--- START ---
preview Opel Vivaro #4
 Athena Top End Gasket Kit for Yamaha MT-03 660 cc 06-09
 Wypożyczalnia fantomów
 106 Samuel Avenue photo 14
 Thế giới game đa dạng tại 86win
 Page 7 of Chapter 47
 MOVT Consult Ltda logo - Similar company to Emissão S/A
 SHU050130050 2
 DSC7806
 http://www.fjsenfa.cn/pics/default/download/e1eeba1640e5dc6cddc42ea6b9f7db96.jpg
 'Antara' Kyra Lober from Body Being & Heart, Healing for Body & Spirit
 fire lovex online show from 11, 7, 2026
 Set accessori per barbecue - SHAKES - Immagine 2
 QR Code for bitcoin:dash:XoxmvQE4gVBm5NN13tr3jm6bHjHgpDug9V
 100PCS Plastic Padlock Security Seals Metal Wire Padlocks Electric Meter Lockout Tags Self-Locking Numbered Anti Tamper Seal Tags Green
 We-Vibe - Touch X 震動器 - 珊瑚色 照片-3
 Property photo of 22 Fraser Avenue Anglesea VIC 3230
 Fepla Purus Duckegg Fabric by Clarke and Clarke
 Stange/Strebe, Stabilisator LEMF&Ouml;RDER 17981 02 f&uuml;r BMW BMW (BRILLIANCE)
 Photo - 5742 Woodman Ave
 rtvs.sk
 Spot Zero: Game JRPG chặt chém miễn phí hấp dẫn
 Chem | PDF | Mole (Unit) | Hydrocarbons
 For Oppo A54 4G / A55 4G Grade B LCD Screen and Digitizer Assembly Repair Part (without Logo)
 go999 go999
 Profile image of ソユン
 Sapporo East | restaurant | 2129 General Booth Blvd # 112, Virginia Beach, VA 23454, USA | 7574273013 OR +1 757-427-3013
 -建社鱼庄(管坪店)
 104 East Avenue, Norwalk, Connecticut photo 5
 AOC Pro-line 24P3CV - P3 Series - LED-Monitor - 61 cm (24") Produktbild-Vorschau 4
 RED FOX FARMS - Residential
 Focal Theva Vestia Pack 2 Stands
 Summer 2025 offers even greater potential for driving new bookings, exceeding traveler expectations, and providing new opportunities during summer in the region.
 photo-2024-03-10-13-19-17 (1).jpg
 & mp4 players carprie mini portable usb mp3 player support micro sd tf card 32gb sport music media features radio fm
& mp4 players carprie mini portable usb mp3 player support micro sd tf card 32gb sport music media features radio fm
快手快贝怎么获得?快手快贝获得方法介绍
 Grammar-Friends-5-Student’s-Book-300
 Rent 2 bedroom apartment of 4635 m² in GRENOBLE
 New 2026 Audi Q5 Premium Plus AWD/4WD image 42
--- END ---
*ACTIVITY*: From the listing above, copy every line where the string "player" is found.

*RESPONSE*:
 & mp4 players carprie mini portable usb mp3 player support micro sd tf card 32gb sport music media features radio fm
& mp4 players carprie mini portable usb mp3 player support micro sd tf card 32gb sport music media features radio fm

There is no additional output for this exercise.